WORK TASK: Copy out the lines of the records below, and only those lines, from the one with "Wrap Circle Skirt Naranja" through the one with "Men's Oblique Gilet Mauve Size IT 46 / S", exactly as they appear.

DATA RECORDS:

══════

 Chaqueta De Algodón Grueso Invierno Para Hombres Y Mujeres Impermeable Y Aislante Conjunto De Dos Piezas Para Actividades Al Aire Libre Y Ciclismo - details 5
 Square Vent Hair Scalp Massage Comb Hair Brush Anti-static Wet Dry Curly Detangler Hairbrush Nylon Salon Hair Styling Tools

══════

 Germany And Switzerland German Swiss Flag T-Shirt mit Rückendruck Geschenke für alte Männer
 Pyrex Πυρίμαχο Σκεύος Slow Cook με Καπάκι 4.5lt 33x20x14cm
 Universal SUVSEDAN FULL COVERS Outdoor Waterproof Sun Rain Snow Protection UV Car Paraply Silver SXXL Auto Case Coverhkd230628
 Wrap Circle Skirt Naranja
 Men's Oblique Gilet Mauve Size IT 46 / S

══════

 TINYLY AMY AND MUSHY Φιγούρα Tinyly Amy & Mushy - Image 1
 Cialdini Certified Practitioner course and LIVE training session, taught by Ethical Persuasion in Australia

══════

RESPONSE:
 Wrap Circle Skirt Naranja
 Men's Oblique Gilet Mauve Size IT 46 / S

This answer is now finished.